Google's BigQuery platform is capable of brute-forcing its way through datasets with phenomenal speed. Performing a simple LIKE scan of four LIKE's OR'd together over a 631GB field spread across 1.1 billion records, while summing the total size of its paired 330GB, 9.7GB and 13GB columns, takes just 23 seconds with a case sensitive search or just 29 seconds with a case insensitive search.
That works out to around 21.7GB/s to 27GB/s of searched data and 217GB/s of processed data with a single SQL query for a completely unoptimized, unpartitioned table.
What if you have more complex stream processing needs, such as running an arbitrary third-party executable over a vast dataset stored in Google's Cloud Storage?
In our own work, a standard 4-core 16GB N2 or C2 VM on GCP's Compute Engine platform streaming from Google's Cloud Storage into a low-CPU highly optimized stream processing code typically achieves sustained read rates of around 1.87-1.9GB/s from GCS per VM, which would allow it to perform the same 613GB scan as above in just 5.5 minutes with a single VM. Scale that to multiple VMs and using best practices for name sharding and its not hard to achieve some pretty breathtaking stream processing rates.
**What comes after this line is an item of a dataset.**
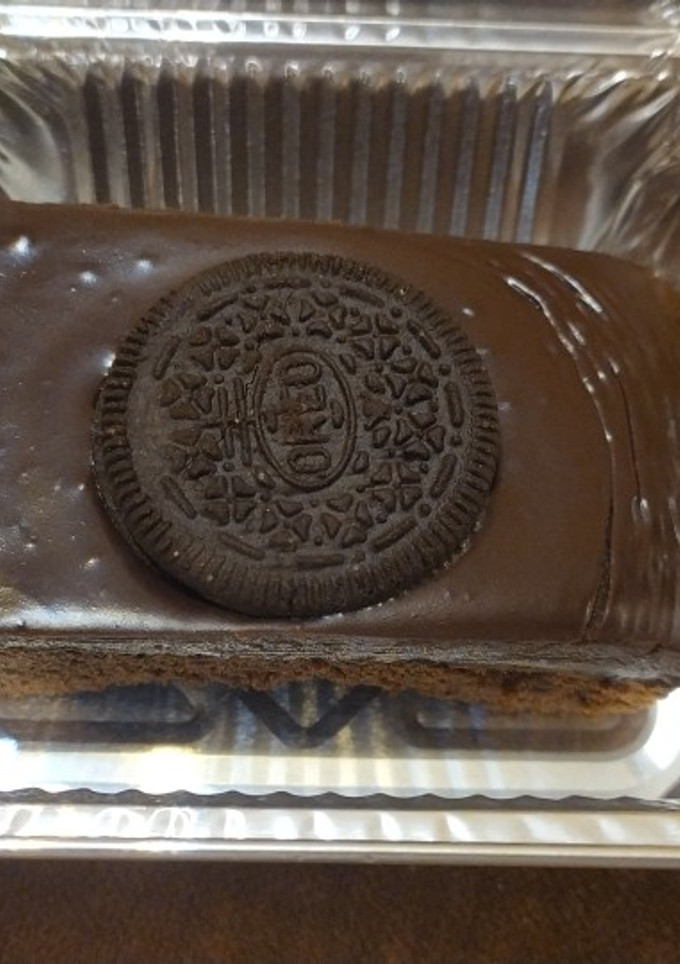 Una foto de Brownie de chocolate con oreo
Using Cloud Storage as a store fabric for stream processing rather than local disk allows us to scale infinitely, both in terms of the total data size processed and the ability to nearly linearly scale the number of cores brought to bear for a given computation. It also makes it easier to centralize datasets that are compiled in a decentralized fashion, with regional ingest points all streaming results into a single central archive.
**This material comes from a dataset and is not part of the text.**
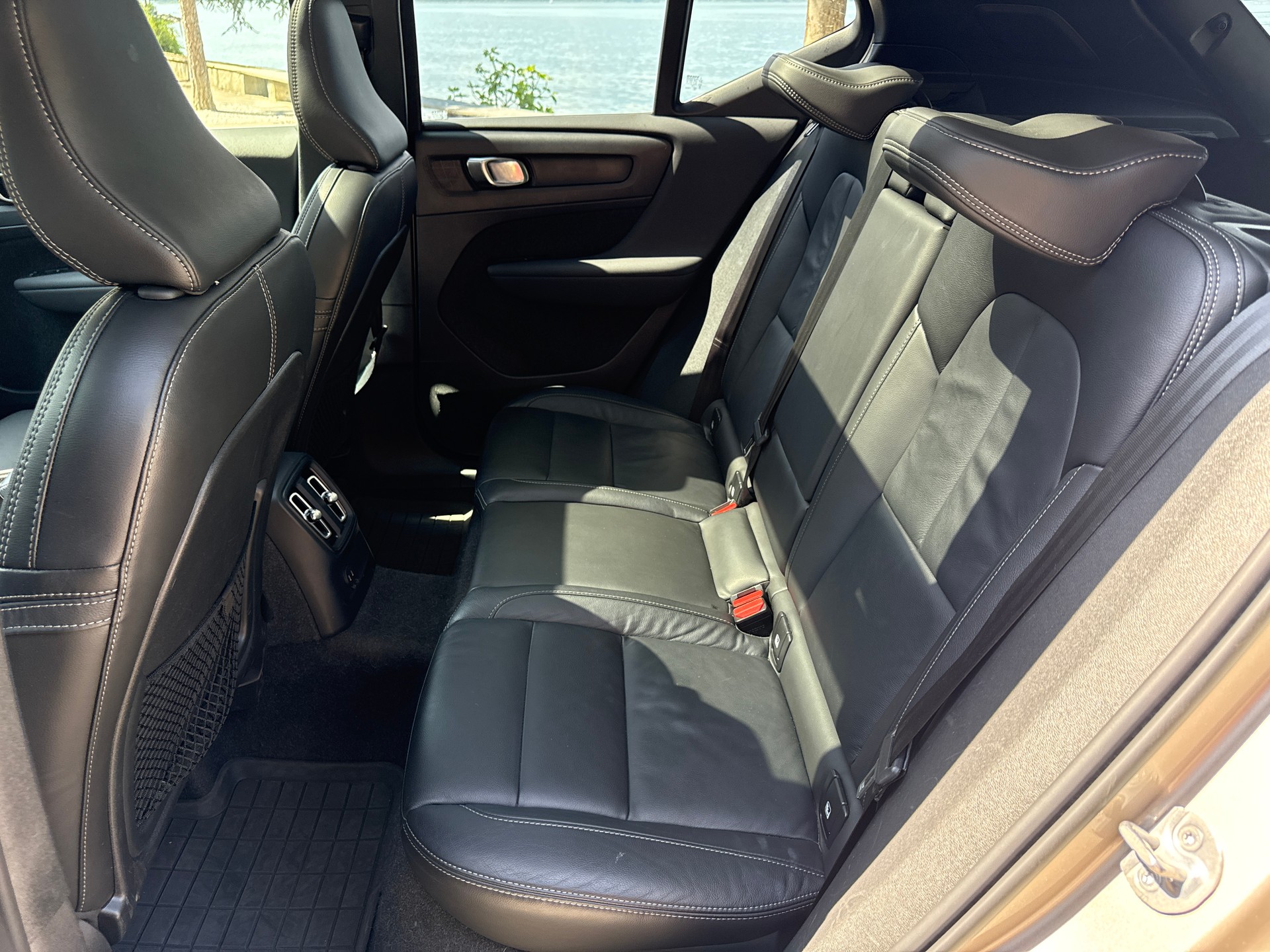 VOLVO XC40 T4 PHEV Ultimate Bright DCT-image-11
We typically repack datasets from large numbers of small files to singular large packfiles for our large streaming pipelines. Like most filesystems and object stores, Google's Cloud Storage achieves its fastest performance rates when streaming a small number of large files rather than accessing many small files. In our own extensive benchmarking, when streaming a small number of large files to N2 and C2 VM's within the United States we see statistically insignificant differences between regional, two-region and multiregion storage localities. This allows us to exclusively use the US multiregion and distribute our processing clusters nationally for resilience and to integrate with localized services within each region that integrate with some of our external data providers' POPs that transit the commodity internet and thus require geographic localization. In short, Google's internal cloud backbone is so high-bandwidth that geographic location is no longer relevant for large-file stream processing in the US multiregion.